Cogió a su hijo, le besó los pies al rey, se despidió de él. Se vinieron los dos con sus alforjicas otra vez y cuando llegaban a una posada y presentaba el papel del rey, los posaderos se desvivían haciéndoles reverencias. Sirviéndoles la comida, la mejor cama, lo mejor de todo. Así hicieron el viaje de regreso. En Hornos, sólo se sabía que el hombre se había ido del pueblo pero nadie tenía noticias de dónde estaba. Cuando regresó con el hijo y el papel, ya se supo que había estado hablando con el rey.

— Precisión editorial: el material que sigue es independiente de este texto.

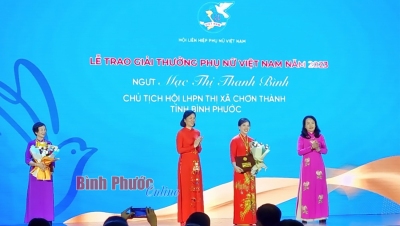 Nhà giáo ưu tú Mạc Thị Thanh Bình - Chủ tịch Hội LHPN thị xã Chơn Thành  nhận “Giải thưởng Phụ nữ Việt Nam” năm 2023(nguồn ảnh: Báo Bình Phước Online)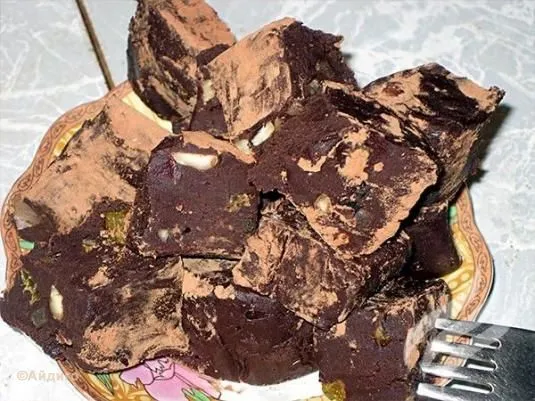 Шоколадный десерт с орехами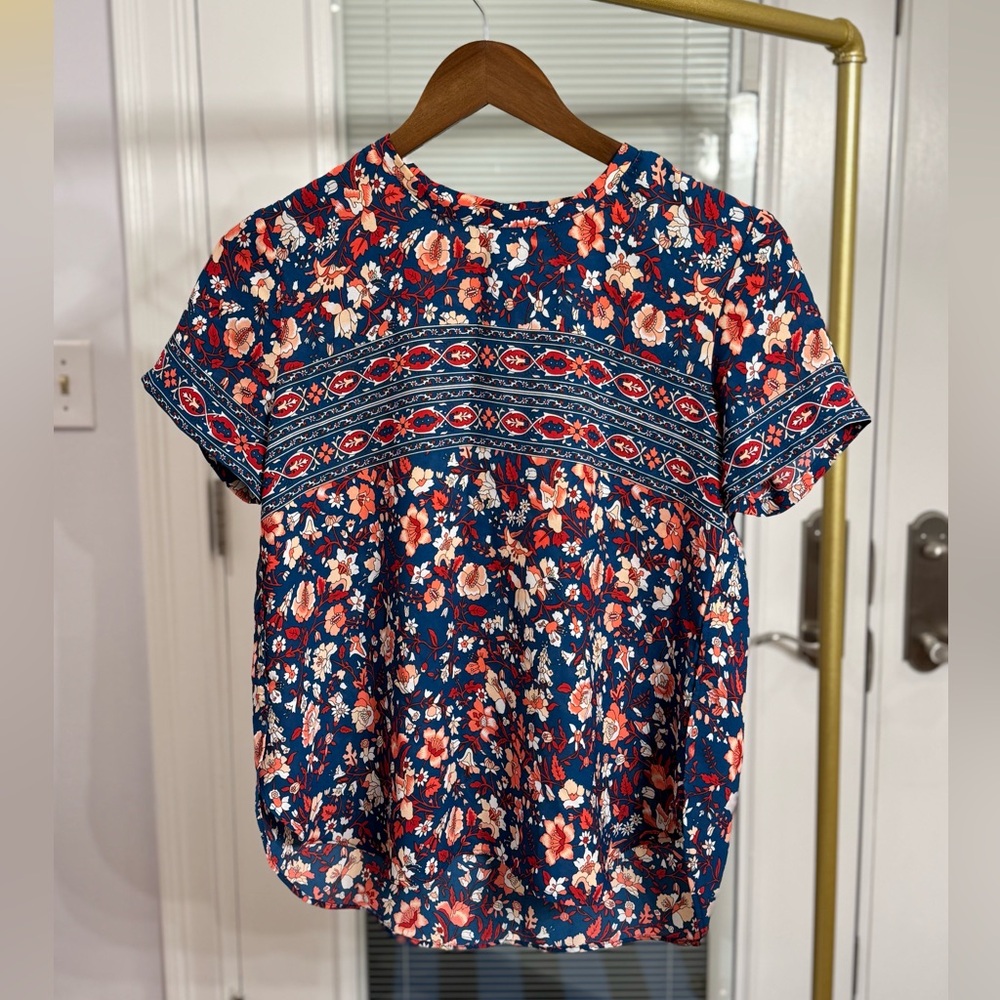 ANN TAYLOR LOFT • Floral Patterned Women's Top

En mi pequeño gran pueblo de Hornos vivió también una buenísima familia Lugardo Leal con sus mujer Juliana y sus guapísimas hijas. Esta familia son personas buenísimas y de ellas tengo buenos recuerdos. Don Antonio Leal, el médico fue de esta familia y Lola es la esposa de Antonio Lozano que durante mucho tiempo fue alcalde de Hornos. La familia Lozano, también son personas dignas y honorables.
Entre tantas personas que recuerdo con especial cariño, no puedo olvidarme de unas, que precisamenten tiene hijos aquí en Úbeda. Estoy pensando y me refiero a Presentación Rodríguez y a su hermana María Rodríguez, hijas de José Ramón y de María que eran también de mi pueblo de Hornos. Personas buenísimas donde las haya.
Paquita es de esta misma familia y también viven en Úbeda y son amigas mías porque de verdad se lo merecen. Al padre me parecen que le decían José Peroba. Y Paquita, de esta familia, vive aquí porque se casó con un señor del pueblo de Úbeda. Mi prima Maruja, me ha dicho muchas veces que Catalina, una hija de esta familia, era santa. Que con el tiempo se tienen que saber las virtudes de esta mujer. También me acuerdo de Roque.
Una hija de Paquita está casada con un sobrino mío y Nico y las otras muchachas, todas excelentes, también las conozco. Personas buenas donde las haya. Bueno, pues yo, no me puedo olvidar de todas estas personas de mi pueblo. Lo que pasa es que ahora mismo estoy hablando de ellas y dentro de un rato, me acuerdo de otras y así me va pasando.